LSLA Survey Finds Overwhelming Support for ‘Further Regulation’ of Litigation Funding

As we approach the end of 2023, it is a useful time to reflect on the state of the litigation funding market in the UK and to see how prominent industry groups are thinking about the future of the industry. A preview of an upcoming survey suggests that whilst litigation funding is thriving in terms of activity and demand, there is a growing consensus that new regulations are required. An article by The Law Society Gazette provides a summary of remarks made by Nicholas Heaton, head of competition litigation at Hogan Lovells, at the London Solicitors Litigation Association’s (LSLA) annual dinner last week. Heaton was delivering a preview of the association’s Annual Litigation Trends Survey, which included some very interesting insights into the perspective of solicitors on litigation funding. According to the Gazette’s article, Heaton explained that 79% of the survey’s respondents have been involved in ‘cases in which one or more parties are using litigation funding.’ Heaton went on to note that given this frequency of funding activity, it would be natural to assume that the solicitors surveyed would regard the Supreme Court’s PACCAR decision as a ‘major concern’. However, Heaton revealed that ‘only about 10% of respondents foresee a reduction in the availability of funding or increase in its cost as a result.’ Despite this largely positive view of the third-party funding market, Heaton also said that the survey had asked respondents about their views on the potential need for increased regulation of the industry. The response from these solicitors was overwhelming, as 88% of those surveyed agreed that ‘further regulation of some kind was required for litigation funding.’
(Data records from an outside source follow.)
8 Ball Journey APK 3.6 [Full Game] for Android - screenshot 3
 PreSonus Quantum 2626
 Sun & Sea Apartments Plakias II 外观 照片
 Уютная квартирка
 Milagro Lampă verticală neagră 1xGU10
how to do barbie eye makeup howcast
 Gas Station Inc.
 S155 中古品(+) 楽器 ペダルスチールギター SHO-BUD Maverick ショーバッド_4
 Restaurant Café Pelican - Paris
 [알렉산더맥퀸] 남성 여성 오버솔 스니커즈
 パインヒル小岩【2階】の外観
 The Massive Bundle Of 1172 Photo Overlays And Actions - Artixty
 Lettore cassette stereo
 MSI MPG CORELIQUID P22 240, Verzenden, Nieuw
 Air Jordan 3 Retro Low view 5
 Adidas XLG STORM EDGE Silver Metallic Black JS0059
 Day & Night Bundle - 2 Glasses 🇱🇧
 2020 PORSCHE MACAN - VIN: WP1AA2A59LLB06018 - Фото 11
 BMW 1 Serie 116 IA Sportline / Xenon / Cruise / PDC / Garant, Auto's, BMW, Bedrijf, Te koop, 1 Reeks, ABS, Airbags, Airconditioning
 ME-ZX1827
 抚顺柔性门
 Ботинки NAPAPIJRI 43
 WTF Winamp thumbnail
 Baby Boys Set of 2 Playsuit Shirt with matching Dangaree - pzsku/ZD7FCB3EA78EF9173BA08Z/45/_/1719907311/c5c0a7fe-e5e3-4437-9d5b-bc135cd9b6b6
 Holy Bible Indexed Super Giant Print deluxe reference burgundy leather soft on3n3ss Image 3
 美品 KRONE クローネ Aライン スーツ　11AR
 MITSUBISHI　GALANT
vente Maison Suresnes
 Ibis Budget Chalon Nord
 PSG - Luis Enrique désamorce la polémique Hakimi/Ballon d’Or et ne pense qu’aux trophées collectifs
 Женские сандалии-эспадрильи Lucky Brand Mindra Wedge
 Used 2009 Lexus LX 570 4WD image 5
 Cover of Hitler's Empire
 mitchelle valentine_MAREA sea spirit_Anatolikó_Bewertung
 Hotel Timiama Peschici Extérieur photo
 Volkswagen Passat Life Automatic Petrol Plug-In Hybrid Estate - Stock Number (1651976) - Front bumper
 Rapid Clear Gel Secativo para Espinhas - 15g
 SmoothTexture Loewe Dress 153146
Judge Connolly to Refer Lawyers Involved with IP Edge for Ethics Inquiries

When it comes to contentious relationships between the courts and funders, the ongoing situation in the US District Court for the District of Delaware is perhaps the most notorious. Judge Colm F. Connolly’s efforts to enforce greater disclosure and transparency by funders involved in patent litigation appears to have now entered a new stage, as the judge has released an opinion alleging unethical behaviour by lawyers working with a funder.  An article in Bloomberg Law covers the latest developments in the case of Nimitz Techs. LLC v. CNET Media, Inc., where Judge Connolly is stepping up his investigation into litigation funding practices in intellectual property lawsuits. In an opinion released on Monday, Judge Connolly stated that he would refer lawyers associated with IP Edge for ethics inquiries, arguing that the lawyers “may have perpetrated a fraud on the court by fraudulently conveying the patents asserted in this Court to a shell LLC and filing fictitious patent assignments.” Judge Connolly’s written opinion put the spotlight on the involvement of these lawyers in around 60 patent infringement suits, where IP Edge had the controlling interest in the litigation but used shell companies to hide its presence from the court. The lawsuits were filed by Nimitz Technologies, Mellaconic, and Lamplight Licensing, but Connolly argued that IP Edge was the actual entity who owned these patents and was the driving force behind the filing of these lawsuits. Connolly went on to say that IP Edge was the “de facto owner of the asserted patents”, with the use of these shell LLCs “designed to shield the real parties in interest from the potential liability they would otherwise face.” Connolly stated that he would be referring George Pazuniakis, Jimmy Chong, Andrew Curfman, and Howard Wernow, to their state bars for ethics investigations. Whilst these four lawyers worked with the LLCs, Connolly also announced that he would additionally refer three lawyers associated with IP Edge: Papool Chaudhari, Gau Bodepudi, and Duy Tran. Of these seven lawyers, only Pazuniakis responded to Bloomberg’s request for comment, stating that “plaintiffs’ counsel followed the law, and had not done anything wrong or unethical or unprofessional.”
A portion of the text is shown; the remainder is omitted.